Applying the principles: separate decisions from execution
Every request handler does two things: decides what should happen, then executes IO to make it happen. These should be separate functions.
A decision is a pure function. It takes data in, returns a description of what
to do. It doesn't call the network, doesn't touch the database, doesn't log.
It can be tested with assert_eq! and nothing else.
Execution is the messy part — HTTP calls, SQLite writes, error recovery. It reads the decision and carries it out. It's tested with integration tests.
Where this applies today
Already pure
hasher.rs — the entire module is pure. volumes_for_key is a
deterministic function of its inputs. No IO, no state mutation. This is the
gold standard for the project.
rebalance.rs::plan_rebalance — takes a slice of records and returns a
list of moves. Pure decision logic, tested with unit tests.
db.rs encode/parse — parse_volumes and encode_volumes are pure
transformations between JSON strings and Vec<String>.
Mixed (decision + execution interleaved)
server.rs::put_key — this handler does three things in one function:
- Decide which volumes to write to (pure —
volumes_for_key) - Execute fan-out PUTs to nginx (IO)
- Decide whether to rollback based on results (pure — check which succeeded)

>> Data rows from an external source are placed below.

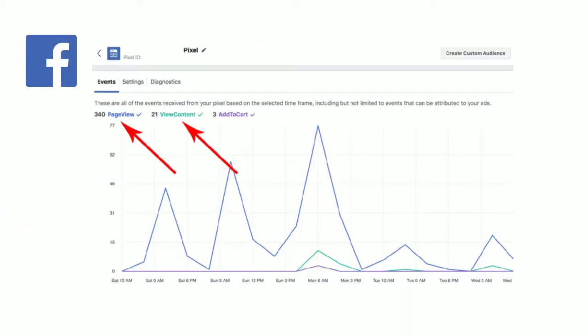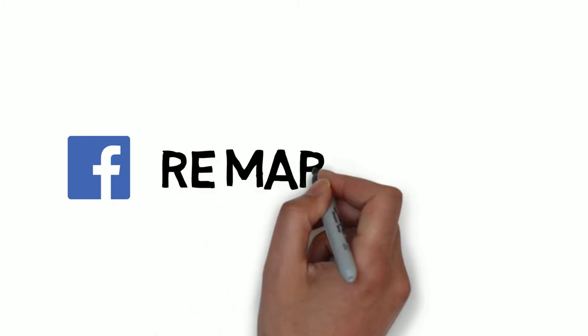This line of code enables Facebook with the ability to gather data on which of its users have visited your website. This gives you the power to proceed with remarketing.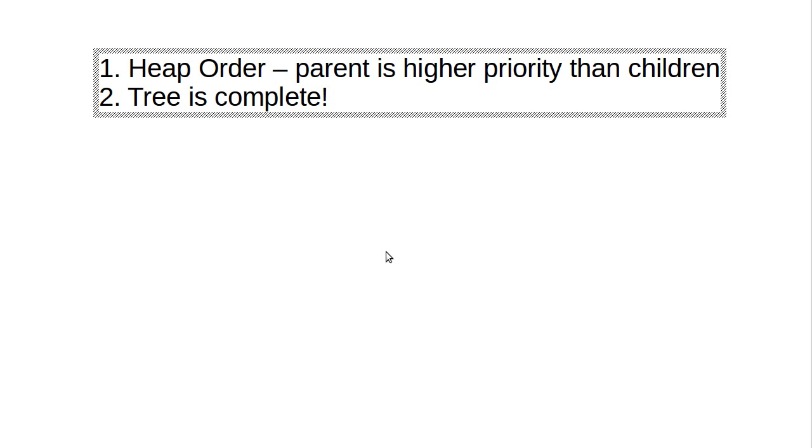Now, this is very significant because this is the reason why we can guarantee that our operations are log n.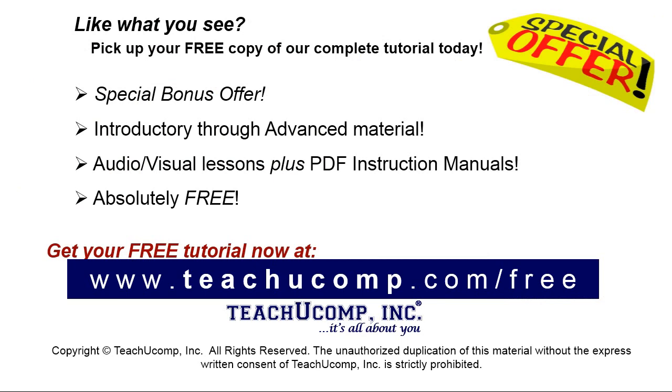Like what you see? Pick up your free copy of the complete tutorial at www.teachucomp.com forward slash free.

- Execute rollback DELETEs and/or index write (IO)
Steps 1 and 3 could be extracted as pure functions if they grow more complex.
Intentionally impure
rebuild.rs — walks nginx autoindex and bulk-inserts into SQLite. The IO
is the whole point; there's no decision logic worth extracting.
db.rs — wraps SQLite behind Arc<Mutex<Connection>> with
spawn_blocking to avoid blocking the tokio runtime. The mutex serializes all
access; SQLITE_OPEN_NO_MUTEX disables SQLite's internal locking since the
application mutex handles it.
Guidelines
-
If a function takes only data and returns only data, it's pure. Keep it that way. Don't sneak in logging, metrics, or "just one network call."
-
If a handler has an
iformatchthat decides between outcomes, that decision can probably be a pure function. Extract it. Name it. Test it. -
IO boundaries should be thin. Format URL, make request, check status, return bytes. No business logic.
-
Don't over-abstract. A three-line pure function inline in a handler is fine. Extract it when it gets complex enough to need its own tests, or when the same decision appears in multiple places (e.g., rebuild and rebalance both use
volumes_for_key). -
Errors are data.
AppErroris a value, not an exception. Functions returnResult, handlers pattern-match on it. TheIntoResponseimpl is the only place where errors become HTTP responses — one place, one mapping.
Anti-patterns to avoid
-
God handler — a 100-line async fn that reads the DB, calls volumes, makes decisions, handles errors, and formats the response. Break it up.
-
Hidden state reads — if a function needs data, pass it in. Don't reach into a global or lock a mutex inside a "pure" function.
-
Testing IO to test logic — if you need a Docker container running to test whether volume selection works correctly, the logic isn't separated from the IO.